"the standard of something as measured against other things of a similar kind; the degree of excellence of something"
Quality of a garment can be found in both the fabric used and the construction.
It can be pretty easy to see the difference between luxury and performance cloth, a luxury cloth is much softer and has more detail, while performance cloth is usually made of basic patterns with a harder finish.
Construction of a garment however, is harder to detect with an untrained eye. Take jackets for example, they can be fused, half canvas or full canvas. Then you are looking for machine made versus handmade details.

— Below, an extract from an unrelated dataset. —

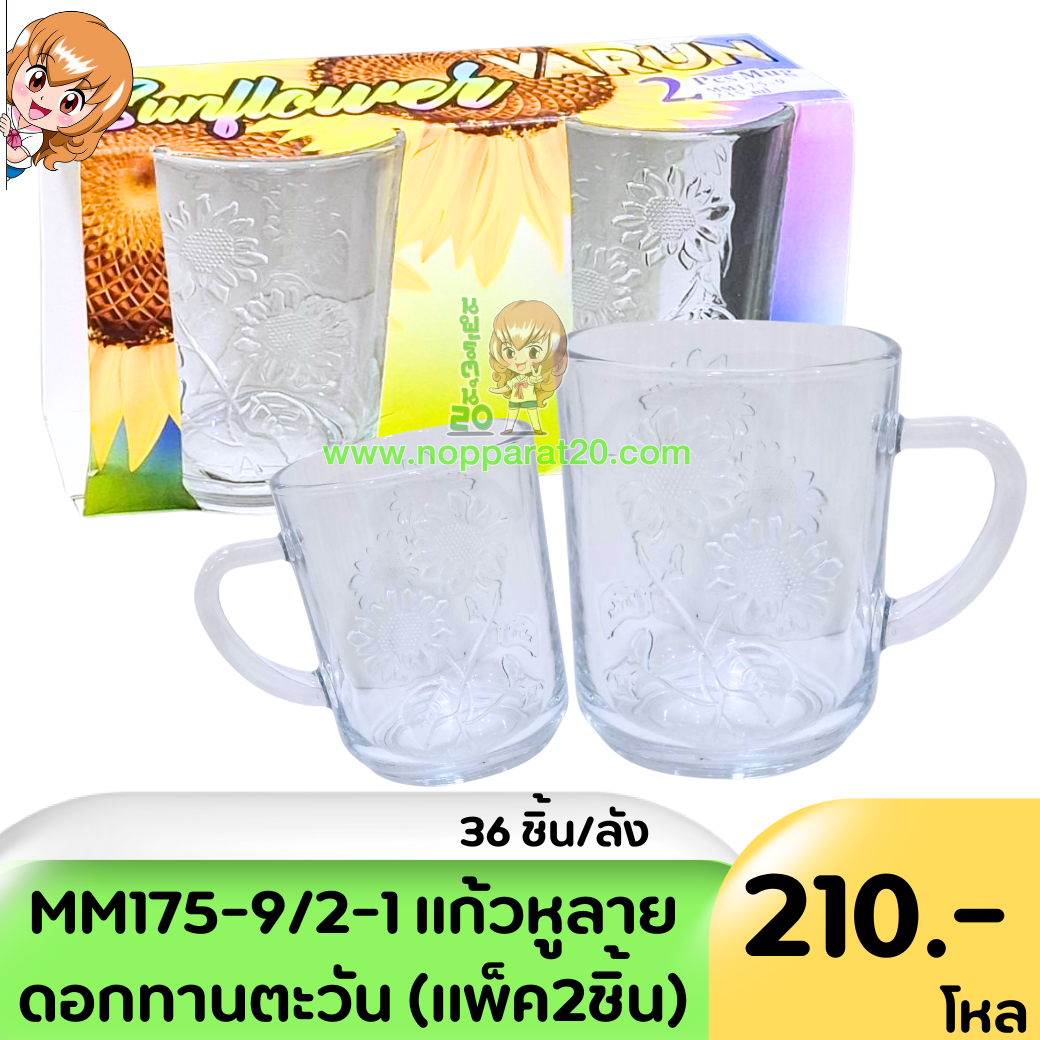 ขายส่งทุกอย่าง20,ทุกอย่าง20,ขายส่ง20,นพรัตน์20,แฟรนไชต์20,แฟรนไชส์20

Generally the more time and effort that it takes to construct the jacket the higher the quality. All have advantages and disadvantages, the question is do you want more pieces in your wardrobe or fewer pieces of higher quality.
The bespoke tailored garment is something which is planned out, much like building a custom home. In that process you are working with an architect and a budget, you pick out the structural features, square footage of the rooms and the decor.
The word boutonniere is in fact the French word for buttonhole, A trend made popular in Paris is the boutonnière Milanaise, or in English, the Milanese buttonhole.
The offering of a Milanese buttonhole is something only a quality tailor can provide. Where machine made buttonholes have the lapel buttonhole stitched by machine and cut afterwards, the Milanese must be cut first and then carefully hand-stitched after.
It involves a piece of thread called a “gimp” which is hand-stitched to surround the buttonhole. The Milanese buttonhole is a true sign of quality in a custom made garment.